In a comment provided to NC Policy Watch, the NCHA said that “we have significant concerns that this bill would cause hospitals to absorb millions of additional dollars in uncompensated care.”
“That, in turn, could increase the cost of care for others.”
In a separate statement sent to media outlets, the NCHA said that “North Carolina health systems and hospitals have millions of health care interactions with patients and families each year.
“They actively work with patients to help them understand their health care coverage and financial obligations. They try to make it easy for patients to connect to information about financial assistance and repayment options.”
The NCHA said when it comes to an unpaid bill, “the federal Internal Revenue Service has prescribed an extensive series of steps and wait times that hospitals must follow before taking any collection actions, which is a last resort.
“To suggest that hospitals ‘weaponize’ medical debt is nothing but political grandstanding.”
Local legislators’ opinions
Rep. Donny Lambeth, R-Forsyth, and a leading health-care expert in the House chamber, said “it’s too early to tell what legislation may or may not be introduced.”

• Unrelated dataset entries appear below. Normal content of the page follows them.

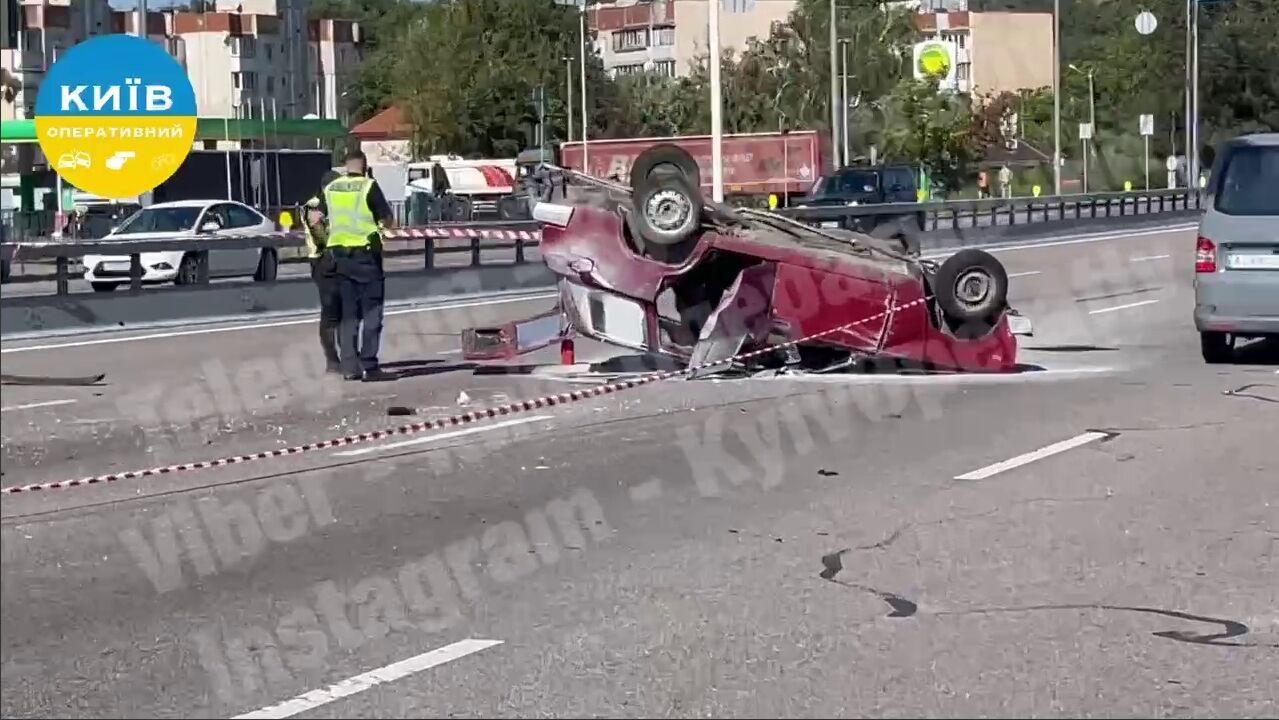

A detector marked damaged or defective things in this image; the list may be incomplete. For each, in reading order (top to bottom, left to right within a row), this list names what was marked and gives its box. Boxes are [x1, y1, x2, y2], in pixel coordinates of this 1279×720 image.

overturned red car [465, 143, 1033, 375]
rear wheel of overturned car [931, 249, 1007, 337]
rear wheel of overturned car [1192, 335, 1232, 365]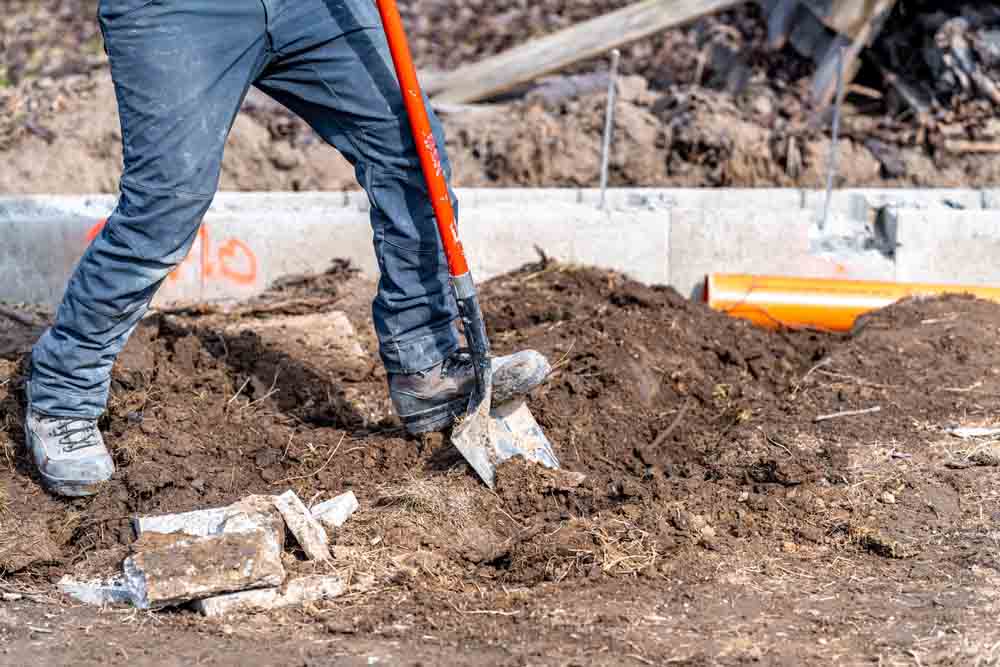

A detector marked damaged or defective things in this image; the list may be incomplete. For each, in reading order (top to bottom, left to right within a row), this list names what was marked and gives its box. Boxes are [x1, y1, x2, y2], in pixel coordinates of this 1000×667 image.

broken concrete debris [122, 528, 286, 612]
broken concrete debris [64, 488, 358, 612]
broken concrete debris [191, 576, 348, 616]
broken concrete debris [274, 488, 332, 560]
broken concrete debris [314, 490, 362, 532]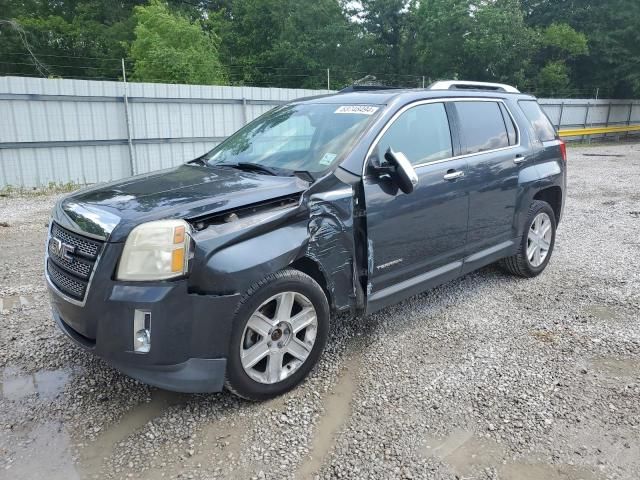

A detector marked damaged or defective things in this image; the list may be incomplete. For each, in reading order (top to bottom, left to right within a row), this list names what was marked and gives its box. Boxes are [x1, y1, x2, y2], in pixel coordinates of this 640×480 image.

damaged gmc terrain [46, 80, 564, 400]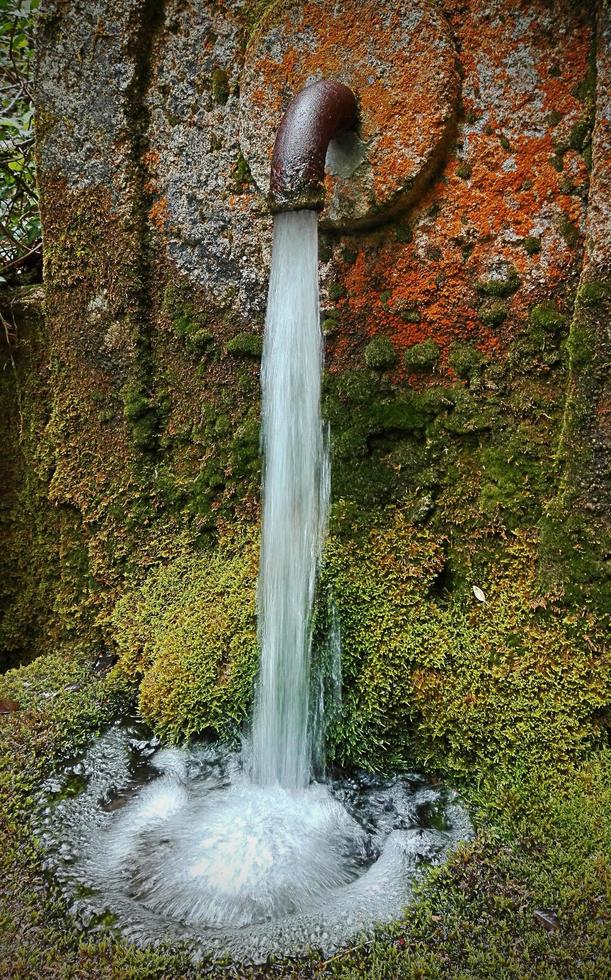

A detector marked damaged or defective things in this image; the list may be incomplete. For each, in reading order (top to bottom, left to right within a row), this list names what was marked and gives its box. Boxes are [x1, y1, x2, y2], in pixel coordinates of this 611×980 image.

rusty iron pipe [268, 80, 358, 212]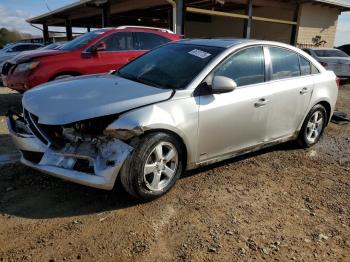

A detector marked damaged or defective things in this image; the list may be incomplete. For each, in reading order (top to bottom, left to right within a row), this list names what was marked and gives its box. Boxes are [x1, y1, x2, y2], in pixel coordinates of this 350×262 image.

crumpled hood [22, 73, 173, 126]
damaged front bumper [6, 112, 133, 188]
exposed wheel well [143, 128, 189, 170]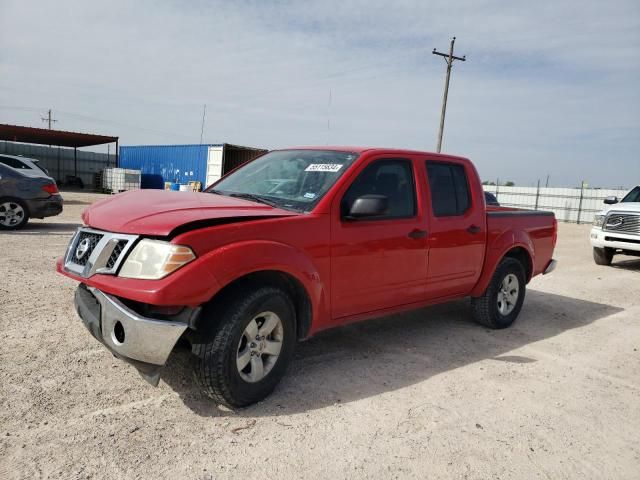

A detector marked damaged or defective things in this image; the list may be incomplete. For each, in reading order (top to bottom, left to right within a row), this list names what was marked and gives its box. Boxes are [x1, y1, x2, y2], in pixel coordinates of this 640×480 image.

damaged front bumper [74, 284, 188, 386]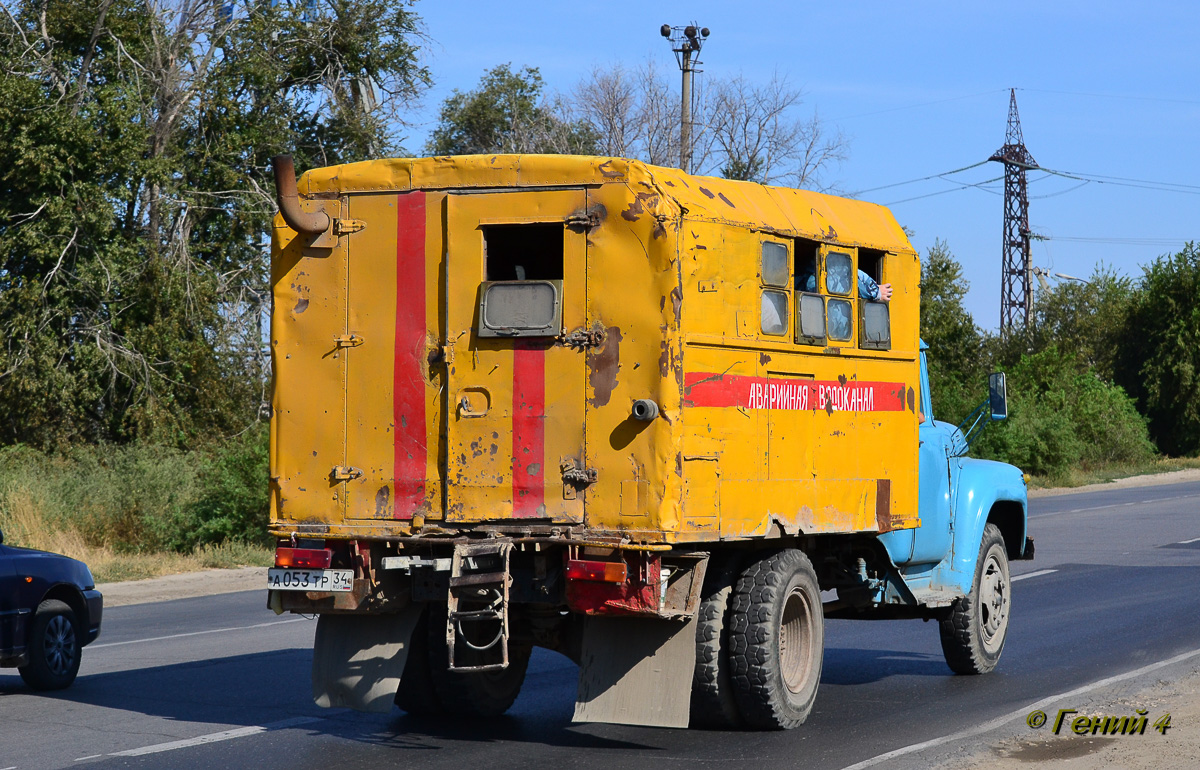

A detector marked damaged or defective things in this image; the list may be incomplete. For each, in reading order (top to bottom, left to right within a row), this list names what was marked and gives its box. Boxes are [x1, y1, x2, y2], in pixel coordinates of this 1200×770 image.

rust patch [597, 159, 624, 177]
rusty yellow panel [268, 208, 348, 522]
paint chipping [585, 323, 624, 407]
rust patch [585, 326, 624, 407]
rust patch [372, 484, 391, 515]
rust patch [873, 477, 892, 530]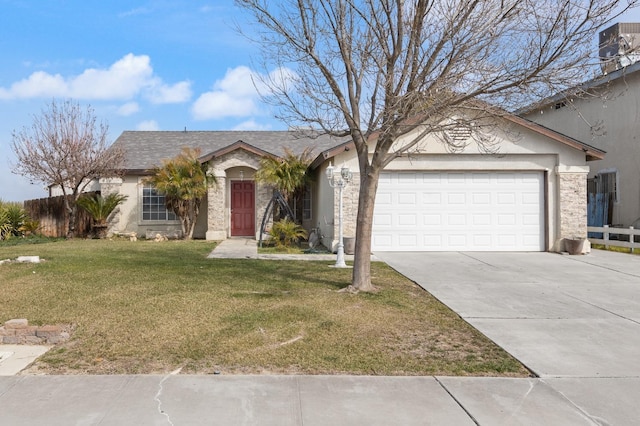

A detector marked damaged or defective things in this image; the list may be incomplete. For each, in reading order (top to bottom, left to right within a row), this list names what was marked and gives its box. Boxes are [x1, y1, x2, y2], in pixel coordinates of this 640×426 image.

concrete sidewalk crack [155, 368, 182, 424]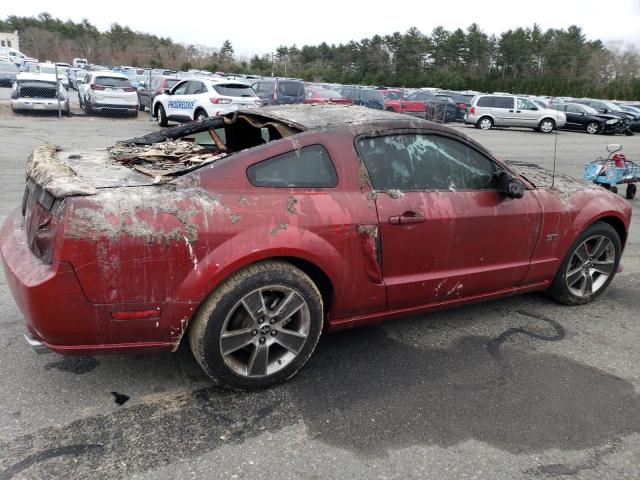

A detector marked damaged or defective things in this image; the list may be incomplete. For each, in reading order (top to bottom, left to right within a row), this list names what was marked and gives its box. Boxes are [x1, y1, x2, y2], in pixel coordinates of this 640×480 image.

damaged red mustang [0, 106, 632, 390]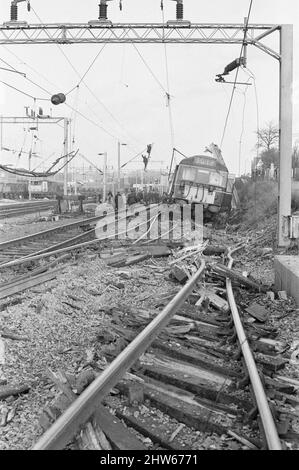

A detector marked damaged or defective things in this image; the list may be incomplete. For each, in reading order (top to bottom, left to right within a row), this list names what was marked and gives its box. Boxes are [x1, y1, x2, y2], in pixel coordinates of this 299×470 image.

damaged railway track [31, 244, 299, 450]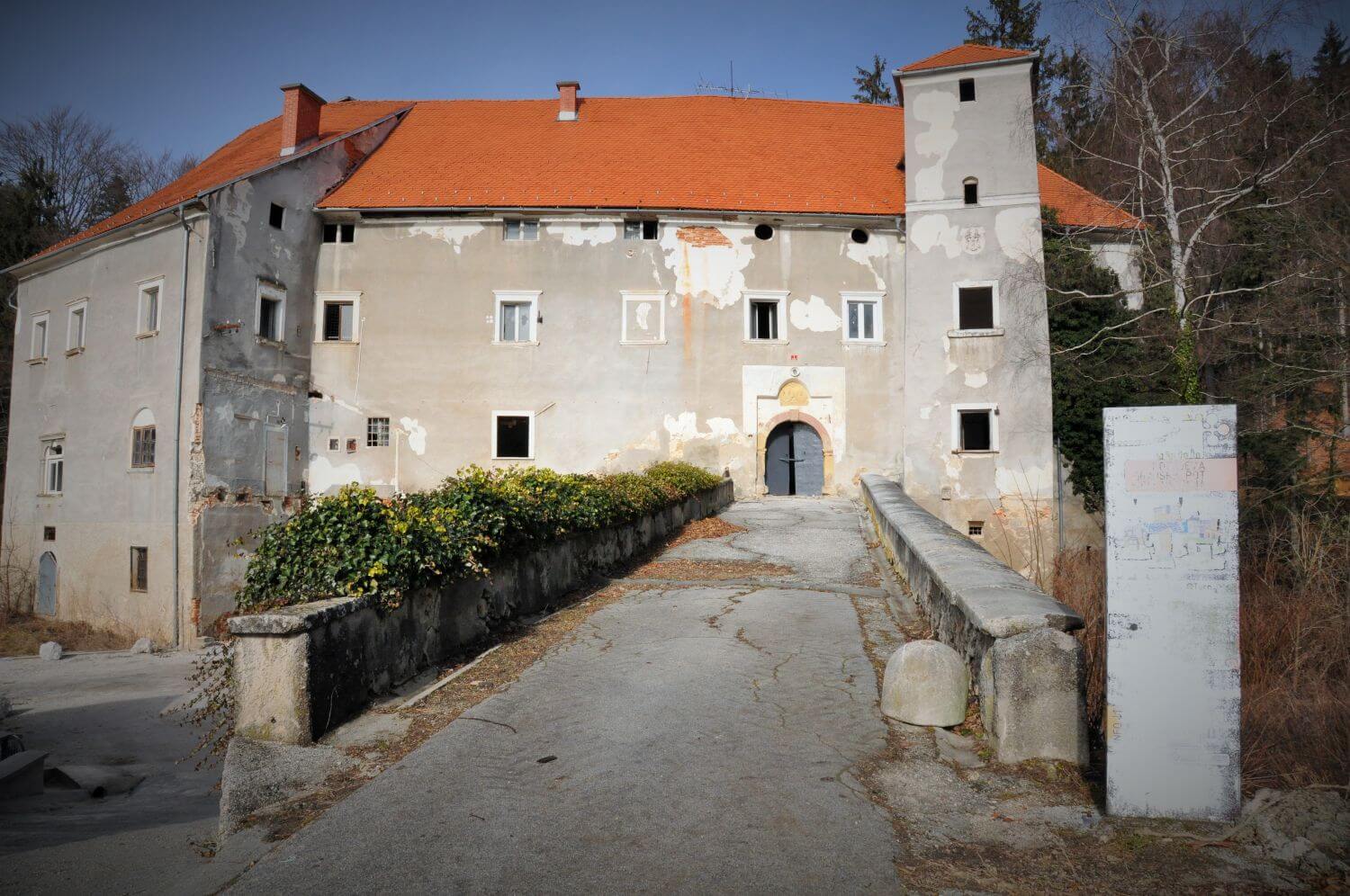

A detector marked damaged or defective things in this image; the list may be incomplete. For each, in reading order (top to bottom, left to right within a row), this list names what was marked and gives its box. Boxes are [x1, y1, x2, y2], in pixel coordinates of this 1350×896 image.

peeling plaster wall [2, 220, 209, 648]
peeling plaster wall [192, 121, 401, 637]
peeling plaster wall [306, 215, 911, 497]
peeling plaster wall [904, 63, 1066, 579]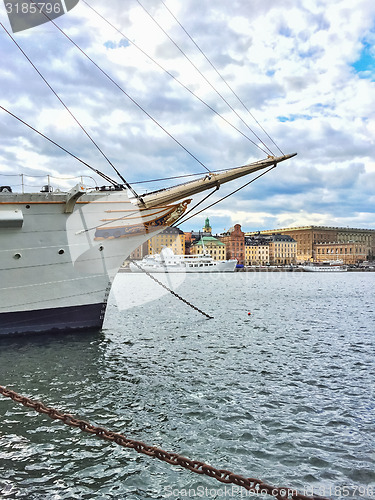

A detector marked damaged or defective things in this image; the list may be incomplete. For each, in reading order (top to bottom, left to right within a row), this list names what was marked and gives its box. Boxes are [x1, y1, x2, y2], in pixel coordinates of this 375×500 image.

rusty chain [131, 260, 214, 318]
rusty chain [0, 386, 328, 500]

Lambeth said he has mixed feelings about the medical debt issue.
“Medical debt is a serious problem, not just in North Carolina, but across the country,” Lambeth said.
“But, when we buy a product or a service, we have an obligation to pay for that service. Medical services are no different.
“The system typically works with a person or family to help them manage the cost of health care used,” Lambeth said, “such as helping them get assistance, maybe help qualify for Medicaid, or use an indigenous fund to cover the cost of care .”
Lambeth, a former chief executive of NC Baptist Hospital, has been the main Medicaid expansion proponent in the House, including introducing bills in recent sessions.
“Expansion will certainly help tremendously, as it would add coverage for many persons who have no coverage,” Lambeth said.
“Expansion will go a long way to help medical providers recover their cost to care for persons in need.”
Sen. Joyce Krawiec, R-Forsyth, and a leading proponent of certificate-of-need reform in the Senate, said that “citizens are responsible for all debts they incur, including medical.”
“However, there are many who simply cannot meet those obligations. There are many who currently can’t afford insurance, but could qualify for Medicaid under the expansion.”
Krawiec said a major concern for her is “that there are many errors in medical billing that should be addressed. I am aware of credit complications because of medical billing errors.”
“We must continue to find ways to reduce cost of care and improve access. Certificate-of-need reform is one way to help in this process.”